But while many could be discouraged by Spotify’s unconventional IPO, Michael Sobel, managing director at tech-focused investment bank Scenic said Spotify’s move poses a risk to banks.
Spotify will be a public company on its own terms. It’s a brave and smart move. I think the big banks should be more worried about the threat this poses to their IPO fees.
We’re seeing late-stage private companies change the way they look at the public markets: they’re staying private much longer, raising more money in the private markets and, as Spotify is showing, they’re now going public on their terms.
This is bigger than a single IPO, the late-stage private company landscape has fundamentally changed.
If Spotify’s Wall Street debut turns out to be successful, other private companies could be encouraged to follow its example.
According to George Parker, finance professor at Stanford University, however unpredictable, Spotify’s move has a solid chance to set a new trend.
He told Verdict:
What Spotify is doing has never been illegal, it has just been exceedingly uncommon.
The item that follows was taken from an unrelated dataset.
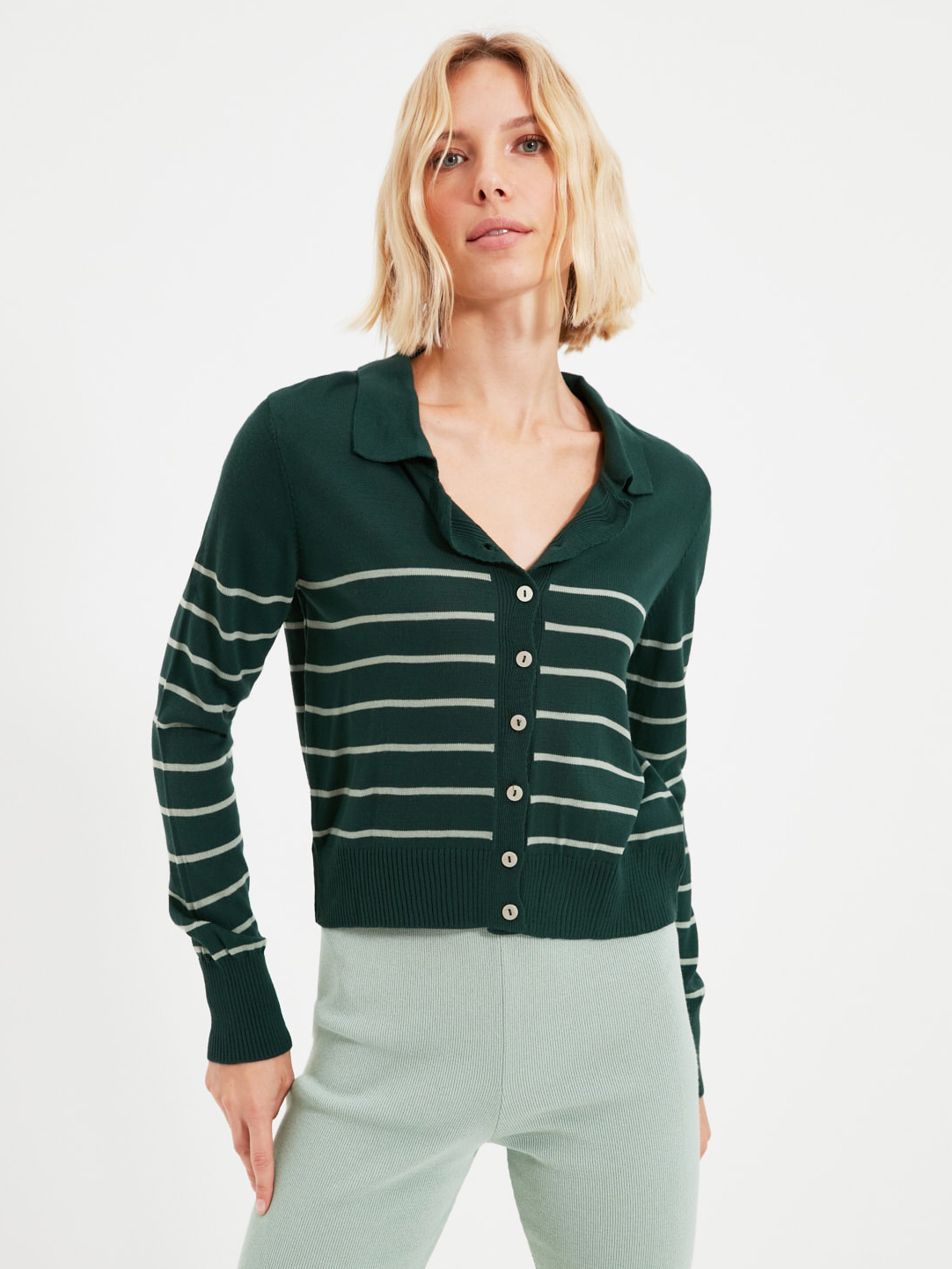 Кардиган Trendyol TWOAW22HI0241 Emerald Green, Кардиган Trendyol TWOAW22HI0241 L Emerald Green
Кардиган Trendyol TWOAW22HI0241 Emerald Green, Кардиган Trendyol TWOAW22HI0241 L Emerald Green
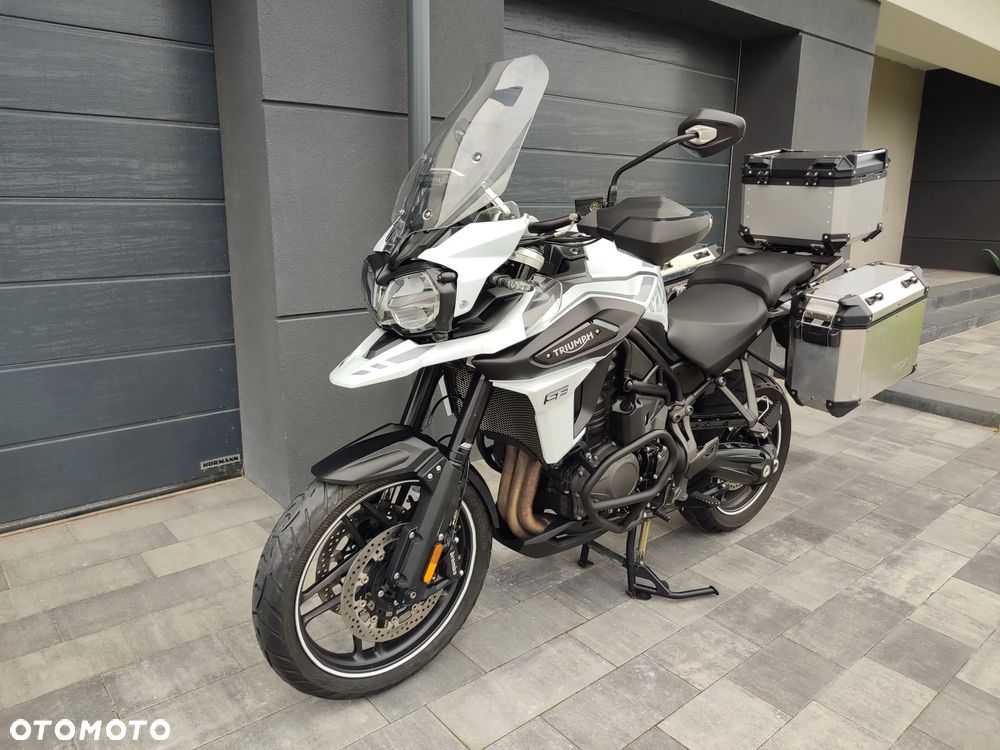 Triumph Tiger - 2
But Spotify is a high profile company and with its success, there will undoubtedly be those who follow.
If the price risk is not too great, the cost is clearly less than in an underwritten offering. How big the trend might become is too early to assess.
Parker also said that the risk of going public without a bank underwriter is minimal:
The story of the company is well known, so the sales effort can be proportionally less.
And, it has minimised its risk somewhat by having advisory contracts with the same banks that would have done a fixed price underwriting.